Jerry Andree, Township Manager

Jerry Andree, Township Manager

No level of government has more impact on daily life than local government. That’s why my colleagues and I at Cranberry Township are passionate about pushing the limits of excellence to provide the best possible services to our residents and customers. However, being well-served is not a passive achievement; it is a collective undertaking. Through this blog, we offer our personal reflections on that assignment. And we hope it will help engage you in joining us on that same collaborative mission.

Mar 13

Cranberry doubles down on volunteers

Posted on March 13, 2018 at 10:18 AM by Jerry Andree

It’s no secret that America’s volunteer sector has experienced a slow decline for at least the past 15 years.  Observers have blamed it on a variety of things: people being too busy with work, spending too much time online, stress from changing family patterns, more frequent relocations, maybe even becoming too lazy.  

Some of those reasons may be valid.  But there’s another explanation that those of us in Cranberry’s municipal government have been leaning toward: it’s that there hasn’t been sufficient investment in America’s volunteer sector.  Without resources, nonprofits don’t have the capacity to engage volunteers effectively.  

To attract and retain volunteers today, you need to place a high value the volunteer’s time, provide them with the tools and training their work requires, strive to respect their family commitments, make their continued involvement as convenient as possible, and show appreciation for what they have accomplished.  

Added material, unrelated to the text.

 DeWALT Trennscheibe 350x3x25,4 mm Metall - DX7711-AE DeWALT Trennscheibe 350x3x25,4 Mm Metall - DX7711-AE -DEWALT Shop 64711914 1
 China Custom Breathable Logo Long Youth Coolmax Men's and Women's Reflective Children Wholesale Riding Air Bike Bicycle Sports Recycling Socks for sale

All of this matters a great deal to Cranberry and to every other community that depends on the vitality of its volunteer sector.  Our athletic associations are an excellent example of what a strong volunteer commitment can do.  But it’s our volunteer fire company that may be most mission critical.  One of the core functions of any municipality is to respond to emergencies.  The Cranberry Volunteer Fire Company, CTVFC, is a key strategic partner in answering those 9-1-1 calls.  

Back in June of 2015, the Township and CTVFC saw the challenges that faced us in attracting and retaining volunteers going forward.  So we embarked on a Strategic Planning Process.  It was grounded in a commitment to maintaining a highly qualified volunteer fire and rescue force well into the future.  The most likely alternative – a full-time paid fire department – would have cost our taxpayers tens of millions of dollars.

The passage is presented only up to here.